BEGIN Supplied data
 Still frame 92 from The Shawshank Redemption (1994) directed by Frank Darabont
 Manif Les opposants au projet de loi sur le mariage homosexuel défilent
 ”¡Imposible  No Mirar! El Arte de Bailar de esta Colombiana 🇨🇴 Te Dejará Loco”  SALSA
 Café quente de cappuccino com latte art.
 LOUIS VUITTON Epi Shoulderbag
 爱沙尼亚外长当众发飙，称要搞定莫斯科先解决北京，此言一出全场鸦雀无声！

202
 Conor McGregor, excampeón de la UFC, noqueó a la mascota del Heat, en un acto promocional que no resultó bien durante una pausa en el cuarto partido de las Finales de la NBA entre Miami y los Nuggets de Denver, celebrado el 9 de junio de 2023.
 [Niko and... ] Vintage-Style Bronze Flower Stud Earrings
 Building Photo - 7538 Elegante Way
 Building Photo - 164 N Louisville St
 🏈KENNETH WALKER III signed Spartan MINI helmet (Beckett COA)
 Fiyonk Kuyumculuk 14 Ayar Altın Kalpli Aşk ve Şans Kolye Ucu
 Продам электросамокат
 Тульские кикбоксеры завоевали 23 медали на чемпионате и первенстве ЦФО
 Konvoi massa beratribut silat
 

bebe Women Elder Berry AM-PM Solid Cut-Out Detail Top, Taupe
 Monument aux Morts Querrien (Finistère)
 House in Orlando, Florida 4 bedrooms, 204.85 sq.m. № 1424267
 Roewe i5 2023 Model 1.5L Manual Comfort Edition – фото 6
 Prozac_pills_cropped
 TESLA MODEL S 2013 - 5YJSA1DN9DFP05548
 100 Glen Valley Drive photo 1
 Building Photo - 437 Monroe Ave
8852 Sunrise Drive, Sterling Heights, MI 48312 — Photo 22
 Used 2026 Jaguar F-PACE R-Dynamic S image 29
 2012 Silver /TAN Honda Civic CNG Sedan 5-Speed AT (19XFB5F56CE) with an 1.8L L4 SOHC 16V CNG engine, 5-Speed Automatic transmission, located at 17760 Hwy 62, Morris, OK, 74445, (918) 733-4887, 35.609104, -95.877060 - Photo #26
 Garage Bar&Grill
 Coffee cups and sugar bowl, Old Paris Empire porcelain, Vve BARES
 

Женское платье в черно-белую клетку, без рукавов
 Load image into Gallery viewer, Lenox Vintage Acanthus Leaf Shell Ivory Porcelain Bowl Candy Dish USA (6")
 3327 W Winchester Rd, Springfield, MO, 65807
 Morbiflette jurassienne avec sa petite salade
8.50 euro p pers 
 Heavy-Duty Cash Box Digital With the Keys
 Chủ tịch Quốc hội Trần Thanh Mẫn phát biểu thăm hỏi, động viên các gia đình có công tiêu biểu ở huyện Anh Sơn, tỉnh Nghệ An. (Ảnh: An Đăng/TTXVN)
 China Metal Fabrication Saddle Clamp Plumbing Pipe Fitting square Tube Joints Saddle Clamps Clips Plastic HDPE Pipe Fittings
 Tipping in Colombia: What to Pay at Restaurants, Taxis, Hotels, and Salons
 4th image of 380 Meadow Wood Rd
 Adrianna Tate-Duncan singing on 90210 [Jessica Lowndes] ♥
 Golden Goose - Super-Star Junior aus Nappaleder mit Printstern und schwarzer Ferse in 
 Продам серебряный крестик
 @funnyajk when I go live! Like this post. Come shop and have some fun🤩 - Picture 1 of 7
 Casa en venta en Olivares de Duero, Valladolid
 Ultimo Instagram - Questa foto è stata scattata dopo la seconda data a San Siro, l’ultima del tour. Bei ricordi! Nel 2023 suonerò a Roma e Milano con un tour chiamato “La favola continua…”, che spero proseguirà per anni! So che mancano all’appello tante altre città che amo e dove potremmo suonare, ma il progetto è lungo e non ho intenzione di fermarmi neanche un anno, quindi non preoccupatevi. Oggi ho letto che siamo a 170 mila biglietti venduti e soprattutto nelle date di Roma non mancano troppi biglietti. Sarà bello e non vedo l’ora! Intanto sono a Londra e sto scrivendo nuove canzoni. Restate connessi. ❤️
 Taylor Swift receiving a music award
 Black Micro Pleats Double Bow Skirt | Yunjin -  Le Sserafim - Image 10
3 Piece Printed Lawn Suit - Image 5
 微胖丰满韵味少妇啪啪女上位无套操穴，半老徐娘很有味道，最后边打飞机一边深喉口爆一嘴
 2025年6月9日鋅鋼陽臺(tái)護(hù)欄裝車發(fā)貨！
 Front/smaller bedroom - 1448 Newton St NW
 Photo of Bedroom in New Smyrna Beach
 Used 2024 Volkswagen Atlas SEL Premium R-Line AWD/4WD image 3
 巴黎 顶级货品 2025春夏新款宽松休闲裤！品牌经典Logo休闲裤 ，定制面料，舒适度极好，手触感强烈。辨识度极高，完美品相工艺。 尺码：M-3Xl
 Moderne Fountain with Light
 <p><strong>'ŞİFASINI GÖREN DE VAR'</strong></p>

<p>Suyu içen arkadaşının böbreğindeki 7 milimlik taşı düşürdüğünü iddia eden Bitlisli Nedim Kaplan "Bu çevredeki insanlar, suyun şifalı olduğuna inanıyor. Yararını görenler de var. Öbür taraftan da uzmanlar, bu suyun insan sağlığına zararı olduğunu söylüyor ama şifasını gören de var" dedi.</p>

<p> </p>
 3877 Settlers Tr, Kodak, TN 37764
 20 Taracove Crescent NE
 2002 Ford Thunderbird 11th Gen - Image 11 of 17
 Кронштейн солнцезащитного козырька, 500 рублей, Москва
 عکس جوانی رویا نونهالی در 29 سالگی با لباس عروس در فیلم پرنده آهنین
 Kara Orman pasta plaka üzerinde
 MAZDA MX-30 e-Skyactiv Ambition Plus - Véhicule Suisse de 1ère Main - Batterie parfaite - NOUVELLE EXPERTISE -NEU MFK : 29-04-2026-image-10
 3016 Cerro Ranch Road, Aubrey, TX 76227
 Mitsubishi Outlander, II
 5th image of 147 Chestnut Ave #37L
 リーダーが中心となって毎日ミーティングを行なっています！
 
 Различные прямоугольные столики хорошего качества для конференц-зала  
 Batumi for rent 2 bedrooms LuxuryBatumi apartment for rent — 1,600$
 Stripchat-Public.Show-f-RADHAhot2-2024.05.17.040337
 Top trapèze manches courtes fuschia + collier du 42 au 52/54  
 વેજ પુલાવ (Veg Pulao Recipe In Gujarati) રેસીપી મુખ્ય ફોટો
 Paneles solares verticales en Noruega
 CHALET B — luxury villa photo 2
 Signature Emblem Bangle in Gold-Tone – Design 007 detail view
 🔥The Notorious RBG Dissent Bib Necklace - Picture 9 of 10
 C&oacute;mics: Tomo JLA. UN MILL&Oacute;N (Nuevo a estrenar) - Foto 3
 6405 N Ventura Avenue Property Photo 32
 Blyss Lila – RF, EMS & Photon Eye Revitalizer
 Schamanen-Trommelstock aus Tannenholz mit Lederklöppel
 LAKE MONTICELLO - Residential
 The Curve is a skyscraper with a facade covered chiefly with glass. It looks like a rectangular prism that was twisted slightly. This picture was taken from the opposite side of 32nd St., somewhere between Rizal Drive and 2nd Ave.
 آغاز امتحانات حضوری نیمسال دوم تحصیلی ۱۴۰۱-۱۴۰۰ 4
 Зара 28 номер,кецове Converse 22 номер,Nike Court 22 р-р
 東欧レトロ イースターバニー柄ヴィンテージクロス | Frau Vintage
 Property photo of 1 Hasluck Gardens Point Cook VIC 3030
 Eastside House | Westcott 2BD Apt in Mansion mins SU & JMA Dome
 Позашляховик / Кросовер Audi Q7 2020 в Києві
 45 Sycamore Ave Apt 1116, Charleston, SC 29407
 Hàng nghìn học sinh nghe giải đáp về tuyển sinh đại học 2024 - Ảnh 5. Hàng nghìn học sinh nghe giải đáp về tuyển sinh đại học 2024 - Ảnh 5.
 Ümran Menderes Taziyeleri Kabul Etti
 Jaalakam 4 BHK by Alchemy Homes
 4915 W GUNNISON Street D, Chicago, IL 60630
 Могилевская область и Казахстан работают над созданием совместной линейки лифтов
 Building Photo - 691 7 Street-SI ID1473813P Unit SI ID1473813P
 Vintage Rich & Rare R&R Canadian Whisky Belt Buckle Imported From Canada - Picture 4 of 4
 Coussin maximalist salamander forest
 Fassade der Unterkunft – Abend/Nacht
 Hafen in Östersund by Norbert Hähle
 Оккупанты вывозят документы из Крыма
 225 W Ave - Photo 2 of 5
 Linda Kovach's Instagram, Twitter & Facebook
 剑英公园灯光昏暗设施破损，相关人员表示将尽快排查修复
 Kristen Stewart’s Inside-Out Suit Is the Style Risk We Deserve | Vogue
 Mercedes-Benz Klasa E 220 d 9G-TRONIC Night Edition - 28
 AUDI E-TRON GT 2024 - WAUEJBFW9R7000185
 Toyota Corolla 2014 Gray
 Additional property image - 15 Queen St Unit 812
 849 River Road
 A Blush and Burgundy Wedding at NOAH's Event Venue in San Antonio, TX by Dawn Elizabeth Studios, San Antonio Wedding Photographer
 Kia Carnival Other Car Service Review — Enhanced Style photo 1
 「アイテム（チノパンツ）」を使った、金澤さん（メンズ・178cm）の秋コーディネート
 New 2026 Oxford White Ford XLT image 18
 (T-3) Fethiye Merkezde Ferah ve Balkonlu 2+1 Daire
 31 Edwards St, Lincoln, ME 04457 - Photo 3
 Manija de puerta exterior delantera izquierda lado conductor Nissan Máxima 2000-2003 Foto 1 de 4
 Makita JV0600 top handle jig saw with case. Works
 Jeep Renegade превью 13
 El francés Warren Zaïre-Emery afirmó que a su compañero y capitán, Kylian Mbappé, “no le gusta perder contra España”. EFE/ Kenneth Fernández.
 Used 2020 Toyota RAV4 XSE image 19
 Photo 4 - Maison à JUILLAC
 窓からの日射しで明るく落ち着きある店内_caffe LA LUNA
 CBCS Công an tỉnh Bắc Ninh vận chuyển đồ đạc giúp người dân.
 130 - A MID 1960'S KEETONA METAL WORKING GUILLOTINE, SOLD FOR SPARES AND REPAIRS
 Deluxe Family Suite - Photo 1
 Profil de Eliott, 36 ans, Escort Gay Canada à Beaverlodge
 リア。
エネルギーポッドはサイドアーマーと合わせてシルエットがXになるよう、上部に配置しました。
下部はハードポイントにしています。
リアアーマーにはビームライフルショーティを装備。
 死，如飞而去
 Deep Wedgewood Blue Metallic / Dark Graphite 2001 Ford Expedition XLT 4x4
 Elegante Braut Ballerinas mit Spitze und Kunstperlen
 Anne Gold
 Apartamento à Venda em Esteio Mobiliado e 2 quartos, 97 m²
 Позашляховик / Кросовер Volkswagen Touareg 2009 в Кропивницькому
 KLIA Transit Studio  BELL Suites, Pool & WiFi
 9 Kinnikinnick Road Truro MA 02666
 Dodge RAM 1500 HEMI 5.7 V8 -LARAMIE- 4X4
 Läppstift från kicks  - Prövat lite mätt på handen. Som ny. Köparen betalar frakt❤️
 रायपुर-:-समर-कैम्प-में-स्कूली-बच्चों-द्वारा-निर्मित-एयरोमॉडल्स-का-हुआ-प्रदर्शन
END Supplied data
Problem statement: Among the records, find all lines that include the string "tỉnh" and return them.

The completed task:
 Chủ tịch Quốc hội Trần Thanh Mẫn phát biểu thăm hỏi, động viên các gia đình có công tiêu biểu ở huyện Anh Sơn, tỉnh Nghệ An. (Ảnh: An Đăng/TTXVN)
 CBCS Công an tỉnh Bắc Ninh vận chuyển đồ đạc giúp người dân.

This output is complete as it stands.